▶ _Dataset excerpt_

▶

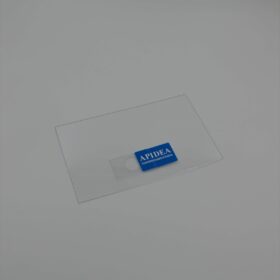 Apidea Klarsichtdeckel mit Klappe - temperaturbeständig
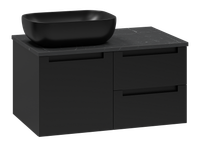 Тумба под раковину арт-CAR-01080-021П2Я — фото 4, Тумбы под раковину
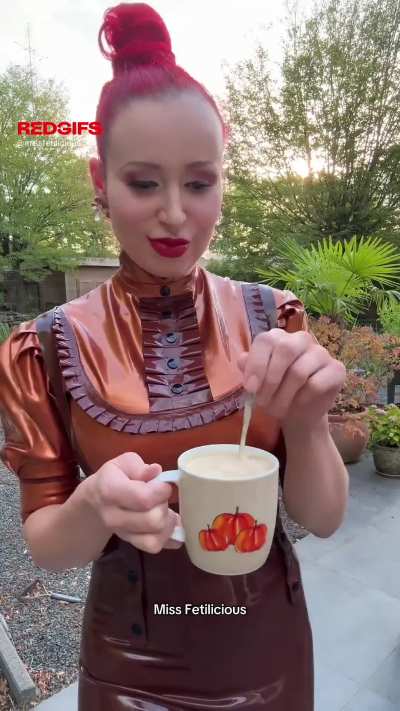 Who’s gonna pay for my morning coffee? ☕️😏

◀

▶ _Exercise_
Without including any picture, set down every line above exactly as it stands.

▶ _Answer space_
 Apidea Klarsichtdeckel mit Klappe - temperaturbeständig
 Тумба под раковину арт-CAR-01080-021П2Я — фото 4, Тумбы под раковину
 Who’s gonna pay for my morning coffee? ☕️😏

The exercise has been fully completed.